- [Exercise objective]: Exclude the images, then return every line below exactly as written.

--- Given information Enclosed Below ---

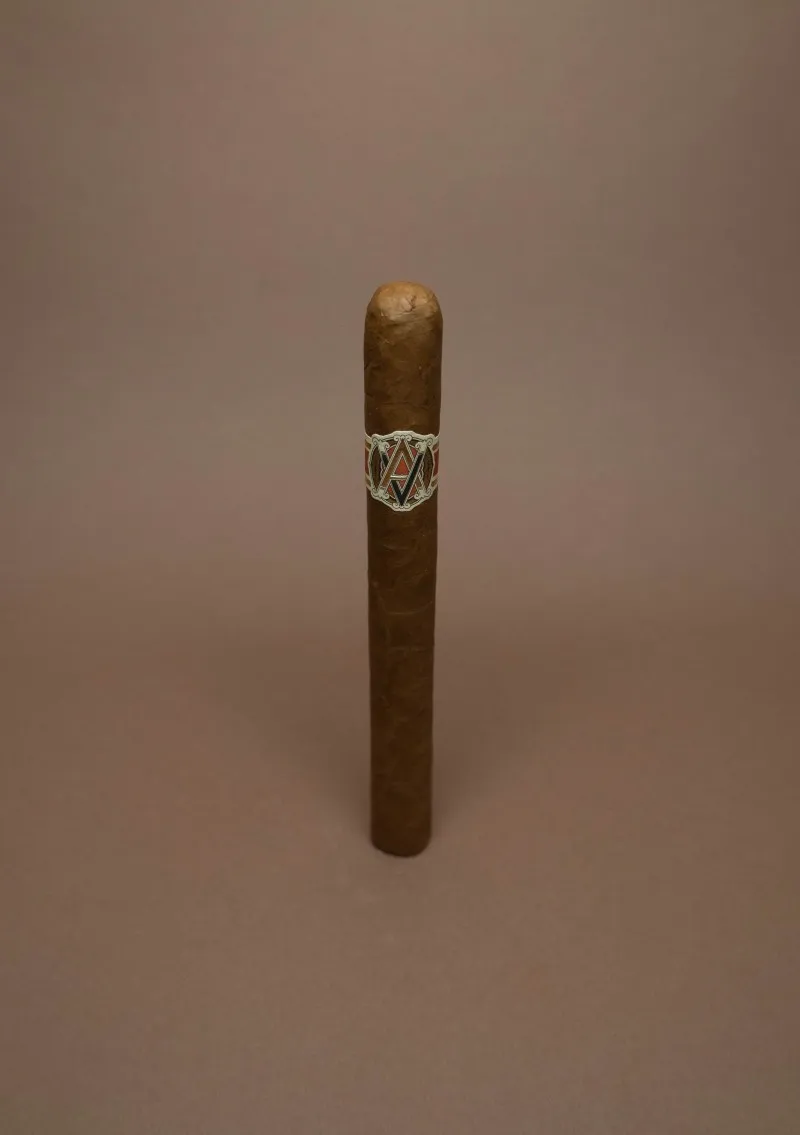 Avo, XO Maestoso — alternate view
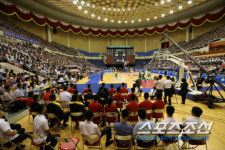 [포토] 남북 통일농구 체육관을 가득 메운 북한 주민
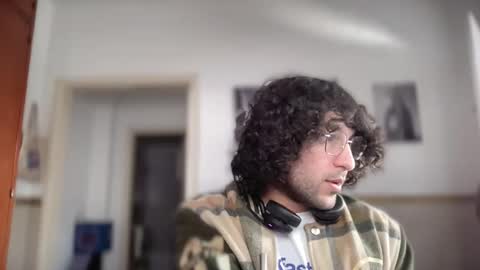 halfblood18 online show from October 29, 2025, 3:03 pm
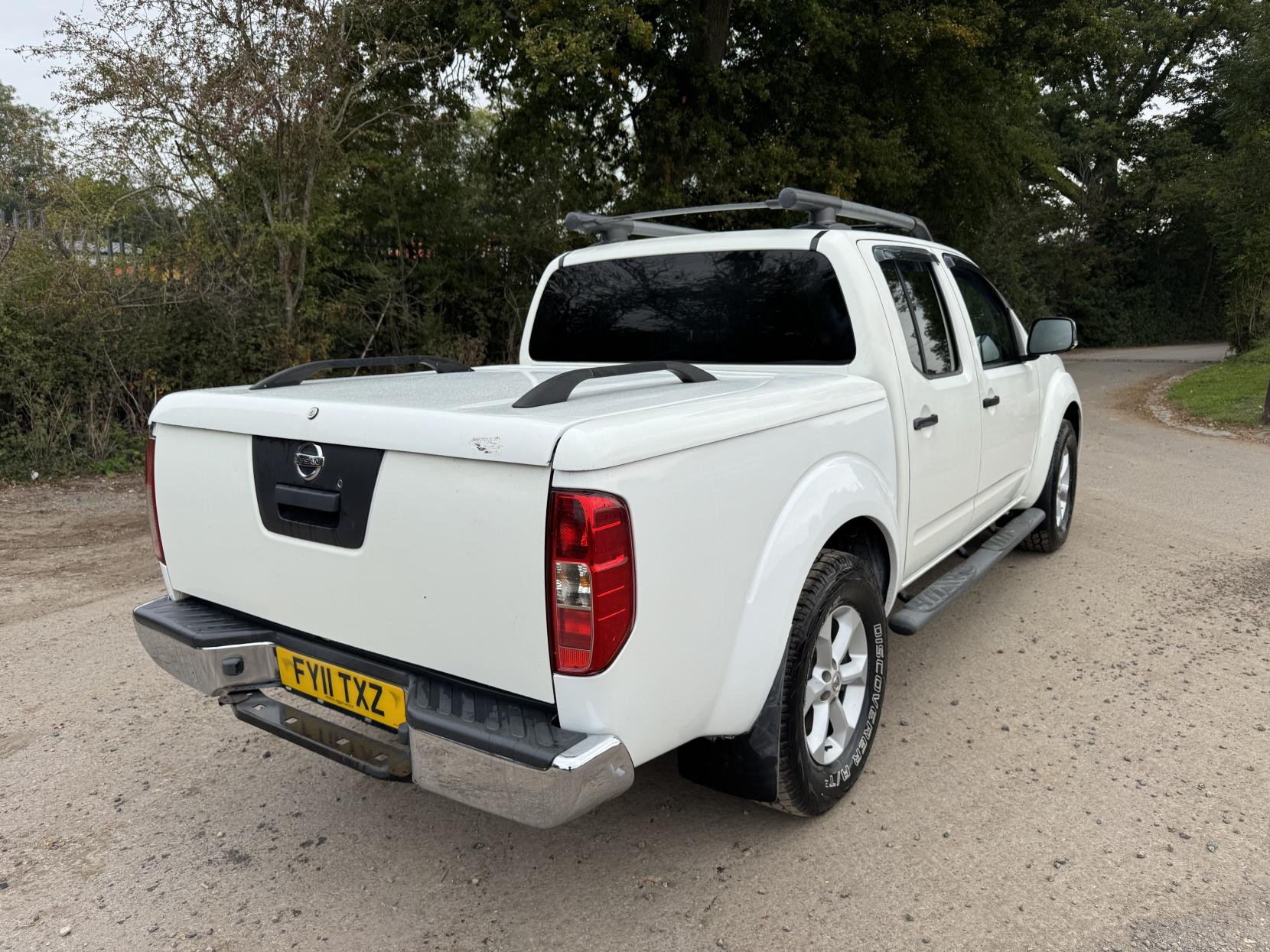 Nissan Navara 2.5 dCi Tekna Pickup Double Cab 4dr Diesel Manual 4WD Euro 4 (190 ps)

--- End of Enclosed Given information ---

- [Answer space]:
 Avo, XO Maestoso — alternate view
 [포토] 남북 통일농구 체육관을 가득 메운 북한 주민
 halfblood18 online show from October 29, 2025, 3:03 pm
 Nissan Navara 2.5 dCi Tekna Pickup Double Cab 4dr Diesel Manual 4WD Euro 4 (190 ps)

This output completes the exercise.